Above is what I received for my money eight years ago. Yes, Theodore (Teddy) Schwartz (1887-1965) was born in Ungvar, Hungary, on May 21, 1887. His parents were Herman and Hanna. And the address is where my grandparents lived for a few years, before selling their dairy store and moving around the corner from Tremont Ave. in the Bronx, NY.
In 2009, there was no electronic way to request these forms, and the wait seemed interminable (about 2 months). Today, just click to the website and have your plastic payment ready, which cuts a little time off the wait.
A better example is what I learned when I started the Gen Go-Over. I finally bought a copy of the application of my paternal grandfather, Isaac Burk (1882-1943). It revealed his mother's maiden name and his hometown. It also told me he was working for his brother-in-law, which I didn't know. Looking at the application, I suspect Isaac didn't write it himself but did sign it (I've seen his laborious signature on other documents).
The bottom line is: Try all the free possibilities first, including free access to the big genealogy websites through your public library or family history library. But if you absolutely, positively cannot get the details or the confirmation in any other way, and this information is critical to your research, do consider paying for this document, which contains info personally provided by your ancestor (even if he or she didn't actually write the information but only signed the paperwork).
- This is a good place to see an ancestor's parents' names.
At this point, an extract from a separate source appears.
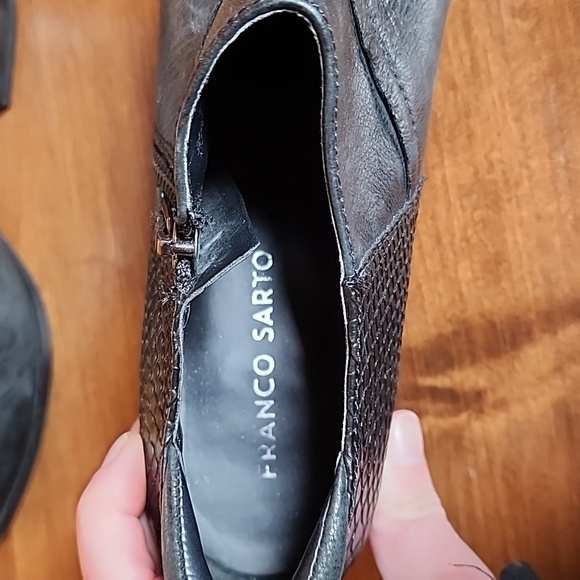 Franco Sarto black leather/ snake skin pattern heeled booties - Picture 5 of 5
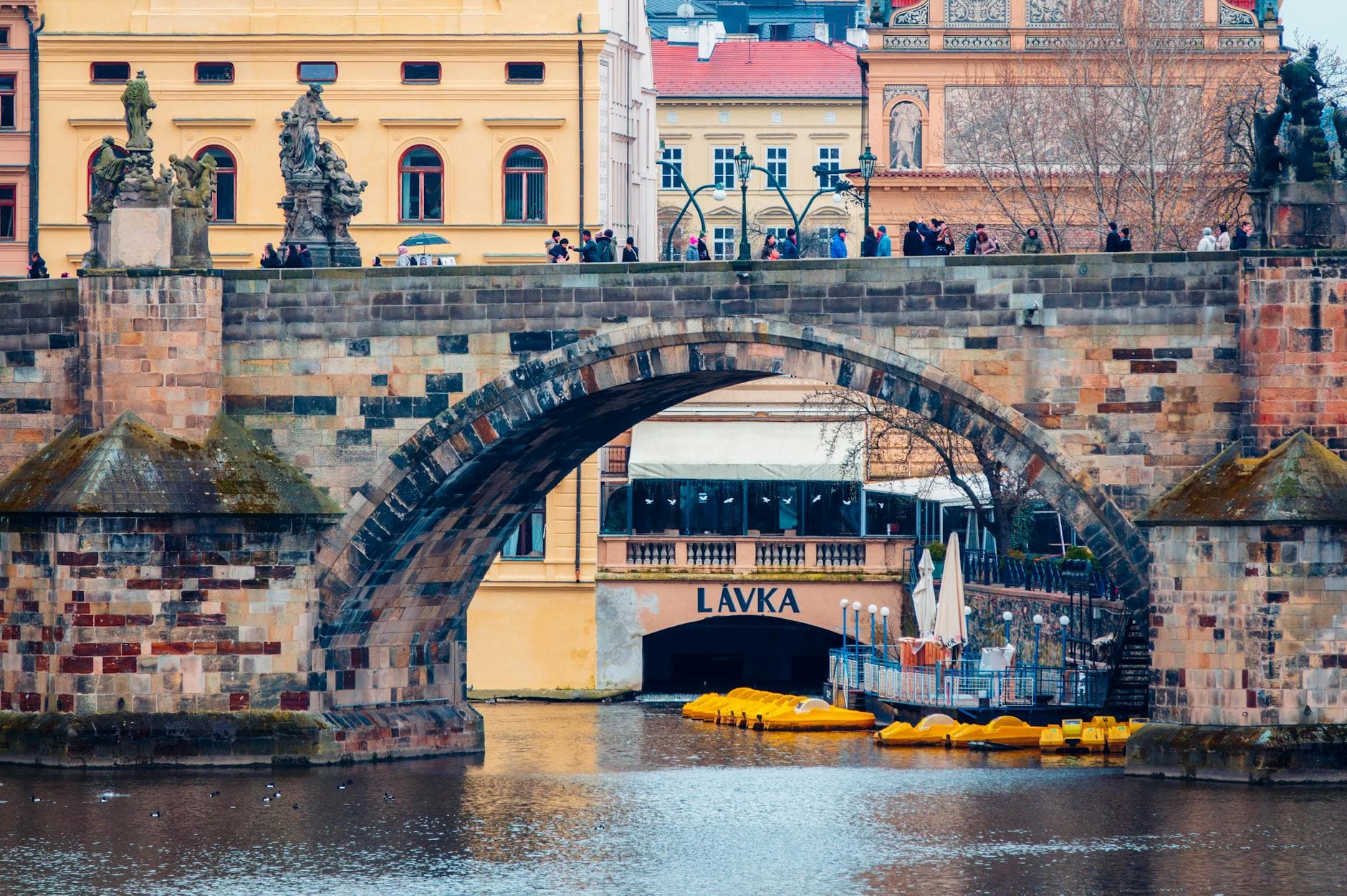 https://cdn.holicay.com/uploads/1779279288035-79f42e61-6c91-4c6a-8123-87cf07864f13-prague-2.jpg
I needed to confirm Grandpa Isaac's parents' names, which were indistinct on his marriage license.
- This is a good (sometimes the only) way to see a maiden name. That's what happened with Grandpa Isaac, among other ancestors. I fought hard to see the full SSA details of a cousin's ancestor, showing the maiden name of his mother, because without it, I couldn't get the final piece of the puzzle in place and prove the family relationship. Patience and perseverance will pay off if you have to fight to see redacted details.* It took me two appeals, but I won. And solved the puzzle!
- This is sometimes a good way to learn or confirm hometown or homeland info. Grandpa Teddy and Grandpa Isaac show this in action. I appreciated using their SSA info to confirm other documentation.
- This will give you a clue to home and work addresses that you can research in more depth. Suppose you can't find someone in the Census but you do know that person had a Social Security number, which you located via the Social Security Death Index or through another method. At least you'll have an address as of the date of this application. My 2d cousin found Teddy's address in a note her mother had squirreled away decades ago. Now that I knew when Teddy lived at that address, I could be more certain of when the young lady was in touch with Teddy. It helped us understand the close relationship between Teddy and his niece.
- Other details. Maybe, like me, you'll learn something surprising about the person's occupation or employer. I'm always hoping to flesh out my ancestors' lives so they're more than a name and a few dates.
Please feel free to comment about your "free genealogy" experiences or what you believe is worth paying for! Thank you.
*The appeal is one way to see what has been blocked from view on a person's SSA. I don't think there's an appeal process for requesting a record that the authorities say doesn't exist or they can't find. But if you receive an application with names blocked from view, it's worth rereading the privacy rules and trying to appeal by sending documents to prove that the dates are beyond when any of these people would be living.